> ACTIVITY: Each line of the data that mentions the string "Pink" needs to be identified and copied.

> PROVIDED INFORMATION:
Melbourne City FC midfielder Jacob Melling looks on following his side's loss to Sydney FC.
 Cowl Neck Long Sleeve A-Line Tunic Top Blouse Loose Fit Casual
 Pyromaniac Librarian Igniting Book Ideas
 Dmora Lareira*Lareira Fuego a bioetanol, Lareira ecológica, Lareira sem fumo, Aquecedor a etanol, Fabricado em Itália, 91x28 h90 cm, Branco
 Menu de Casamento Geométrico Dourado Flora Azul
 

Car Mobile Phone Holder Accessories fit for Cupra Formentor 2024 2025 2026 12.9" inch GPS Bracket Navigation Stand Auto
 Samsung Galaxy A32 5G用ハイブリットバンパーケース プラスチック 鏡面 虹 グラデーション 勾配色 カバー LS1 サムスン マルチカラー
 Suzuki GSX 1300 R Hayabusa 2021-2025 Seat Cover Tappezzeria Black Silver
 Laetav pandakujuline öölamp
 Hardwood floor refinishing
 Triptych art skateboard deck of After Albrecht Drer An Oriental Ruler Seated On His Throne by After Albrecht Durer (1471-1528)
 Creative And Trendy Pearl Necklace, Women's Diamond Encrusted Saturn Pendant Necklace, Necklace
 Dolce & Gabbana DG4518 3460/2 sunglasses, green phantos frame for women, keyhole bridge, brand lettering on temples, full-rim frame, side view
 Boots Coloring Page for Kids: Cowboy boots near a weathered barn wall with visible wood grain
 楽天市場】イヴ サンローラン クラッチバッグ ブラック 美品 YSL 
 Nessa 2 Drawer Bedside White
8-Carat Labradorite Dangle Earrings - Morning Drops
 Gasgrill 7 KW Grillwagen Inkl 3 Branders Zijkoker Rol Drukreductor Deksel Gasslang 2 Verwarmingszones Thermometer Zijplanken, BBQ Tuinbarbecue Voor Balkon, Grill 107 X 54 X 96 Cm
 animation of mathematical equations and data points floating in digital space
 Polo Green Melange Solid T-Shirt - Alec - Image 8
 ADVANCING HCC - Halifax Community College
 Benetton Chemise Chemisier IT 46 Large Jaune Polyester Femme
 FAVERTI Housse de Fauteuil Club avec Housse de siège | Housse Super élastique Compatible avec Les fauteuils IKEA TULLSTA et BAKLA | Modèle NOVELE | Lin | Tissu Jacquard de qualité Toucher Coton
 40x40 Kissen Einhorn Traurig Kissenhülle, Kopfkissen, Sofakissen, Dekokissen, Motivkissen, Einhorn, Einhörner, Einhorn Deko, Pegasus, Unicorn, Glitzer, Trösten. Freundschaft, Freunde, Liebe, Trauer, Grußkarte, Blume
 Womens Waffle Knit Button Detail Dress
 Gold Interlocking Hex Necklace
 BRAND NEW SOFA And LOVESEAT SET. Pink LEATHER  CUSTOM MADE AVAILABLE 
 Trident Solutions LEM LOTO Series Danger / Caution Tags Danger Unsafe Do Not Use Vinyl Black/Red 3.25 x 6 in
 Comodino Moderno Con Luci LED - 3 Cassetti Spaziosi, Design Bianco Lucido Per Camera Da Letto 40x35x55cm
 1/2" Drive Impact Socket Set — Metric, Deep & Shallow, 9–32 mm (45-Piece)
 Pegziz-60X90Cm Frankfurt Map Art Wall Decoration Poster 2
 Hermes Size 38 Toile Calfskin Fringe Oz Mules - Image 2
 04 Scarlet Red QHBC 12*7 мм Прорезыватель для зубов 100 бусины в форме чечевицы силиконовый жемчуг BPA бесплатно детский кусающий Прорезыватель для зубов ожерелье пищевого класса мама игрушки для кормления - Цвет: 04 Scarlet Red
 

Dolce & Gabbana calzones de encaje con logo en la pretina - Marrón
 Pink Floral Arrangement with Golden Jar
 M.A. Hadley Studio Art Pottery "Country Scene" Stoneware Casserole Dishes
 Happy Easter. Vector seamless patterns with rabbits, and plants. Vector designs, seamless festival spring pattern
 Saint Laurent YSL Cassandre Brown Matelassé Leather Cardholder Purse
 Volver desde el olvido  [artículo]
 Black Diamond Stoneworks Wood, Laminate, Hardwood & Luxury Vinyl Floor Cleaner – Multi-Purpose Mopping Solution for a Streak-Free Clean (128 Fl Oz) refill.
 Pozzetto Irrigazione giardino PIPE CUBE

> YOUR RESPONSE:
 BRAND NEW SOFA And LOVESEAT SET. Pink LEATHER  CUSTOM MADE AVAILABLE 
 Pink Floral Arrangement with Golden Jar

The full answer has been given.